Monday, August 2, 2010

Solar Dyeing

Fun in the sun probably doesn't mean the same thing to me as it does to most people. This summer my fun in the sun has been to play around with solar dyeing. Usually I dye with Country Classics, which I love, but I have to take all the normal precautions: rubber gloves, special equipment, dyeing outdoors because of fumes, careful disposal of waste water. This year I wanted to try something a bit more natural and I also wanted less work. Call me lazy.

So I collected some pickle jars and tried Wilton Icing Dyes. You can eat them so no special precautions necessary. I have had SO MUCH FUN!! I've gotten some great colors too. I've even tried painting the dye on rather than soaking it and that worked too. Fortunately for me the sun has been cooperative this year, meaning we've actually had some. Here are pix for shows some of my fawn angora in its natural state. Next to it is the same color dyed buttercup yellow. I thought it was pretty spectacular. The angora takes the dye even better than wool does.
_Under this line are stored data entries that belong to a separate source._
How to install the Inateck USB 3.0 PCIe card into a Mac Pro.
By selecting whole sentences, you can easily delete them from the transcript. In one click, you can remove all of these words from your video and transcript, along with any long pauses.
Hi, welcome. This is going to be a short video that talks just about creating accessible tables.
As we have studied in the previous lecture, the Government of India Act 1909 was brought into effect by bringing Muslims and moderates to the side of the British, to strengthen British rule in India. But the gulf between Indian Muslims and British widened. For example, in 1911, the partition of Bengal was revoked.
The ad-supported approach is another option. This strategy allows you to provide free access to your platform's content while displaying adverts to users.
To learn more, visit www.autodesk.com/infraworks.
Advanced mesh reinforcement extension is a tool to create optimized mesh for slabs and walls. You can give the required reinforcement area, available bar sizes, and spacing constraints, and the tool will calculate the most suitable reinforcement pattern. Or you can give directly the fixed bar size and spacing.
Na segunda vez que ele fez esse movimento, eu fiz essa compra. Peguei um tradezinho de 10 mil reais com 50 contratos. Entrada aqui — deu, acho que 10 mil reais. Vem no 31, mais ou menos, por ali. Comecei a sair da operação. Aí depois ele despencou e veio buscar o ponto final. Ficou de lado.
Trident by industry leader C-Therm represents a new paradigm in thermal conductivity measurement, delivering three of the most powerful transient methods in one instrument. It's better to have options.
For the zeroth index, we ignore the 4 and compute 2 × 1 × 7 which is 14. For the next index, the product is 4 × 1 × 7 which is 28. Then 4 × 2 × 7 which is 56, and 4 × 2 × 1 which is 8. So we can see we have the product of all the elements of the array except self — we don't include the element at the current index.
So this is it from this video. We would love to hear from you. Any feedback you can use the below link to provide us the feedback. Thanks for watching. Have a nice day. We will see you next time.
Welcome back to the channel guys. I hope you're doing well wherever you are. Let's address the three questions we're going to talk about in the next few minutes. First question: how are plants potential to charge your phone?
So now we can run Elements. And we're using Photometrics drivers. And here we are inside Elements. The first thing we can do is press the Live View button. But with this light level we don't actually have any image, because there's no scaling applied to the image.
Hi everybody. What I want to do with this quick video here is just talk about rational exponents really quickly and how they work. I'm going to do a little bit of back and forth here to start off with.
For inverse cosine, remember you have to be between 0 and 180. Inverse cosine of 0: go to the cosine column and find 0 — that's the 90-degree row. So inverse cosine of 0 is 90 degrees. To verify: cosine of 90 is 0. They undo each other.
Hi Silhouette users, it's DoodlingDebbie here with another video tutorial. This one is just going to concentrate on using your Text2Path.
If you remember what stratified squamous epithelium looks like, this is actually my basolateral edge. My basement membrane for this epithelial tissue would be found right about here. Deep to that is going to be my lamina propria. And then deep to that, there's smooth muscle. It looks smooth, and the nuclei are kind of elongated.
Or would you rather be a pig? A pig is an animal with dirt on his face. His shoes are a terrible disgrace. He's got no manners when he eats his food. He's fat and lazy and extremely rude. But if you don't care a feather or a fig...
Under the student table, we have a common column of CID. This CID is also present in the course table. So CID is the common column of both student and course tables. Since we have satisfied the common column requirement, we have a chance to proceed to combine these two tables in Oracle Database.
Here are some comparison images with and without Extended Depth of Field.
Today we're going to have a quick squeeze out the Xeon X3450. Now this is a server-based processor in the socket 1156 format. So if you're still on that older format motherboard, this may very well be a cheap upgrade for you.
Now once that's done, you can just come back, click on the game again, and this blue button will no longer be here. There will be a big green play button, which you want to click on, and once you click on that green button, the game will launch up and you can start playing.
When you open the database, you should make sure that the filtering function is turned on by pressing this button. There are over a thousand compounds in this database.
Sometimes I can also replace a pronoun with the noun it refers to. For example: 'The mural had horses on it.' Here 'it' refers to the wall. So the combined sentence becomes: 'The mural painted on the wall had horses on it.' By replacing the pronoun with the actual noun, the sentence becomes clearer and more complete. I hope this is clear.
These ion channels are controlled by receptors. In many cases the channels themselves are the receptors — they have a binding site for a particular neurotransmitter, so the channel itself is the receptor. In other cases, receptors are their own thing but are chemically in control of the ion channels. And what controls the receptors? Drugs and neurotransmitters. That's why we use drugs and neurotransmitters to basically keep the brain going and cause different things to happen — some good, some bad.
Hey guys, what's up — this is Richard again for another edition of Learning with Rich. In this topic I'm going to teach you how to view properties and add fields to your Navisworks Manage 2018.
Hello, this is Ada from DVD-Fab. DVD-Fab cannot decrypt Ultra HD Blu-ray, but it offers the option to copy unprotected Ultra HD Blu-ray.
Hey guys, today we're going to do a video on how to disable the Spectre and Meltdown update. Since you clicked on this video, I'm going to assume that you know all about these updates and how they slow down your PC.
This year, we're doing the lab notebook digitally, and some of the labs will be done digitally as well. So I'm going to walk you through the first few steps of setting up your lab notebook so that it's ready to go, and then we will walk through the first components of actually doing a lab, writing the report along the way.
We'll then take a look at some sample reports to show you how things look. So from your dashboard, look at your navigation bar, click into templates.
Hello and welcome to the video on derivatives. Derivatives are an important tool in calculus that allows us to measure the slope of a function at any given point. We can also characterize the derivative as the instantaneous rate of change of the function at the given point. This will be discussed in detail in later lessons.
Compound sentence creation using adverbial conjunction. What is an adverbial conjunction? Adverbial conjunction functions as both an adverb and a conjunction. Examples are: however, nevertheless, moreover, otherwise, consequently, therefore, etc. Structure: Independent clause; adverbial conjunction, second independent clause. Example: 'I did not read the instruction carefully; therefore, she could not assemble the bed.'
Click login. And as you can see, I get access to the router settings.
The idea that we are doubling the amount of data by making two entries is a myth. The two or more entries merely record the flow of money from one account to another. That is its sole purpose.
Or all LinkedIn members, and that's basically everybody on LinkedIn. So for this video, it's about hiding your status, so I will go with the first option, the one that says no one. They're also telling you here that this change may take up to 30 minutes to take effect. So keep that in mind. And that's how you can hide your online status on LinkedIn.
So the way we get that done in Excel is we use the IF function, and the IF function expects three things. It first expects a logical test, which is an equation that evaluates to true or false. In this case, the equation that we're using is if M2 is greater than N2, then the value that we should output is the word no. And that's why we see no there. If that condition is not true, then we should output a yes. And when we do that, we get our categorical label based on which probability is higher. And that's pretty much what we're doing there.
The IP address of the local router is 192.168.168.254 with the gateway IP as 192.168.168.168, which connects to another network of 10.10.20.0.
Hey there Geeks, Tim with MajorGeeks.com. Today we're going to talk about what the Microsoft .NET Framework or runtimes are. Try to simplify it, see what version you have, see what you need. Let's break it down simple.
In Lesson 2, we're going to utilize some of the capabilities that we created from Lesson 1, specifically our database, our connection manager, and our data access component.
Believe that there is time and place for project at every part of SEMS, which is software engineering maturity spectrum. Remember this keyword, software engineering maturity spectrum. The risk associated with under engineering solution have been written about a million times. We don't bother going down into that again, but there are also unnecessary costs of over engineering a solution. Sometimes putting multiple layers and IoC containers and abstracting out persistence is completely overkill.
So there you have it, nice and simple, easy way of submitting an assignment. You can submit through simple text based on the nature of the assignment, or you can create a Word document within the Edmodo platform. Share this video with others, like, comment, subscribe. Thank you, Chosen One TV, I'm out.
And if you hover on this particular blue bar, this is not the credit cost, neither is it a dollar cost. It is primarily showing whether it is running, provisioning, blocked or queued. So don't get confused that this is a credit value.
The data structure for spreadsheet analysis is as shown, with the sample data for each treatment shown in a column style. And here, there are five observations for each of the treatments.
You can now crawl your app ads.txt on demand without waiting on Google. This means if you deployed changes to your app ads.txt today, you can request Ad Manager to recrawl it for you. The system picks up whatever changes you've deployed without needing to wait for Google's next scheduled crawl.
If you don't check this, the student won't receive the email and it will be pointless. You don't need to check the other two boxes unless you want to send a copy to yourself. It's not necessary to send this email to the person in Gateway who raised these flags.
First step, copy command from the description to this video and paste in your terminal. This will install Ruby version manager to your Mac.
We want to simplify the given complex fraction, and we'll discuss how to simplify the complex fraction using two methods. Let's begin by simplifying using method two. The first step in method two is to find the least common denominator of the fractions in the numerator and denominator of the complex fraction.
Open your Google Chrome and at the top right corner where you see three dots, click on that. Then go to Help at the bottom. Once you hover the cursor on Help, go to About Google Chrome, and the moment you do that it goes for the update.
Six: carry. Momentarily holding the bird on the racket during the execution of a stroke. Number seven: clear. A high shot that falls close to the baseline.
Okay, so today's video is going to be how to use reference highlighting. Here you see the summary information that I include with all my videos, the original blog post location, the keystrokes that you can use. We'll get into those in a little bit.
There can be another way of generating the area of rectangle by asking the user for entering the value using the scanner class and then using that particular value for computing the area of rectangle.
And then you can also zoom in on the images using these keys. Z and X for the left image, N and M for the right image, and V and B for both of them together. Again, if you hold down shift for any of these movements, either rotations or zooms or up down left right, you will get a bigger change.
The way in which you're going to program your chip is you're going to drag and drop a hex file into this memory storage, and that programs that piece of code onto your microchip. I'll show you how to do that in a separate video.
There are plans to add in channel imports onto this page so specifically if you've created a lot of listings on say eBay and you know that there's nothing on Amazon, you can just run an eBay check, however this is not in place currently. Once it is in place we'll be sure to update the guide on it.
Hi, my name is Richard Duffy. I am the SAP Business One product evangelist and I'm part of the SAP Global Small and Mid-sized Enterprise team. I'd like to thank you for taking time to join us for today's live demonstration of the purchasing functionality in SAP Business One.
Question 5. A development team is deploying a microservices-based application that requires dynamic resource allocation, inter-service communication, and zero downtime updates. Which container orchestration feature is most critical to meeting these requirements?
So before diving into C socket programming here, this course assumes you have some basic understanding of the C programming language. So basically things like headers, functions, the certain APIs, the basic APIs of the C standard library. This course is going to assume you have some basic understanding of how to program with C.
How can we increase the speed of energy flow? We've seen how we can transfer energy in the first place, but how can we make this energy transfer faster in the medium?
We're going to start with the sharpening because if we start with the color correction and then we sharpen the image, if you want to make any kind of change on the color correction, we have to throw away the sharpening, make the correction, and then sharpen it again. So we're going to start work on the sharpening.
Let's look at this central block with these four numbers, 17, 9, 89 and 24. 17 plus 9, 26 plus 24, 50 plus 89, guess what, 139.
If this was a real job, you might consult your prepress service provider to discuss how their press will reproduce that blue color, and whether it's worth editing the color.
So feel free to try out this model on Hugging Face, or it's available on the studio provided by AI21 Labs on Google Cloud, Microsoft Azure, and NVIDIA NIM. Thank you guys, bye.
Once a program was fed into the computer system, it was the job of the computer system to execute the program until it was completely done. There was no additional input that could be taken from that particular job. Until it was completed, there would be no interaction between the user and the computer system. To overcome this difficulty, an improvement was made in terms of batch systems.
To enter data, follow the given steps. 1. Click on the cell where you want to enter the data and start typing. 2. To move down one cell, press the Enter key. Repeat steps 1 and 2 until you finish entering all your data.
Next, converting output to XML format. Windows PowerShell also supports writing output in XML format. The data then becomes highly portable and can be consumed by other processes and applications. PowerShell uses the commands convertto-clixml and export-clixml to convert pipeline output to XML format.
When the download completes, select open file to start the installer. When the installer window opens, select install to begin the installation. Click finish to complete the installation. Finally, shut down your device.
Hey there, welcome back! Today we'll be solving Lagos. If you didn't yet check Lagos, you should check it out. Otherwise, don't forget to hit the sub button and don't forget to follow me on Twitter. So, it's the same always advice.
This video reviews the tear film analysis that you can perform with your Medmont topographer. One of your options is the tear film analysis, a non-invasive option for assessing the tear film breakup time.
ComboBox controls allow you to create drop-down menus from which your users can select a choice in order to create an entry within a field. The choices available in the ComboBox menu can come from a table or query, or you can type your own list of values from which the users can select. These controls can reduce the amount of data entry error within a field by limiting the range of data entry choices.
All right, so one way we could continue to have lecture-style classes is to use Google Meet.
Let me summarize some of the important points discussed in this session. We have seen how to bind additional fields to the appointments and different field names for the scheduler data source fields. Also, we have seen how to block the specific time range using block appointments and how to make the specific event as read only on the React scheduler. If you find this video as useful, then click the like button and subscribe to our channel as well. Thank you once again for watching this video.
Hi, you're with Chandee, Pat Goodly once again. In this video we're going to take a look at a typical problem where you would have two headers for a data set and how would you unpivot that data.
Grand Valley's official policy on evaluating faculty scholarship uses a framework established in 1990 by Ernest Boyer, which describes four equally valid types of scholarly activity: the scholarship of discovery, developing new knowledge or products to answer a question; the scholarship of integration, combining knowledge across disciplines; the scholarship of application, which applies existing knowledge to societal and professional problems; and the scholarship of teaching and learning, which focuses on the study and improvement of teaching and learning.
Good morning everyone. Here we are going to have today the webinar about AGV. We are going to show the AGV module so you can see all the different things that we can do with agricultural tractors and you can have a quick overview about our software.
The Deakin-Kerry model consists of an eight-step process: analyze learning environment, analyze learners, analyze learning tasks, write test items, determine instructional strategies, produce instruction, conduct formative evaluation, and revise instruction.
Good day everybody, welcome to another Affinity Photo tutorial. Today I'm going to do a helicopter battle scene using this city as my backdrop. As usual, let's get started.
That's my Nepalese drop spindle you see in the pic. It's a Golding Rob got it for me for my birthday this year. I've been spinning Merry up on it. The other pic shows the yarn in relation to a penny so you can judge the size better. It's not quite thread weight. I'm going to ply it to lace weight and make a shawl, I think.

This angora was shorn because I started off shearing my rabbits. But I discovered that shearing leaves a thick butt end that I don't like. It's hard to spin. Plucking, on the other hand, leaves the fiber in the perfect state to just start spinning and it spins like a dream. No prep required. Fits my lazy streak to a T. As a bonus I get to spend more time with my rabbits because plucking is time consuming. There are always one or two rabbits ready to blow their coats. I only have six right now but I pluck for an hour or more a week usually. Rob is always picking on me because I'm constantly covered in fluff. But I love it and I get to know my rabbits very well. Shearing is fast, but then there's no real need to handle the rabbits for 3-4 months.

Next year though I've decided to shear everyone no matter what state their coat is in at the beginning of the summer. (Or, rather, bribe Lucas into shearing them.) It's madness for them to carry heavy coats all summer because most of them don't pluck naked so their shortest coat is 1/2 inch or so. If they are sheared at the beginning of summer they will avoid carrying a thick coat through the summer and be much more comfortable. Then I can pluck all fall/winter/spring and still get lots of great fiber. And the shorn stuff makes lovely, soft corespun without a lot of fuss.

So, you know, just in case you were wondering about how I handle all that fiber. Yeah.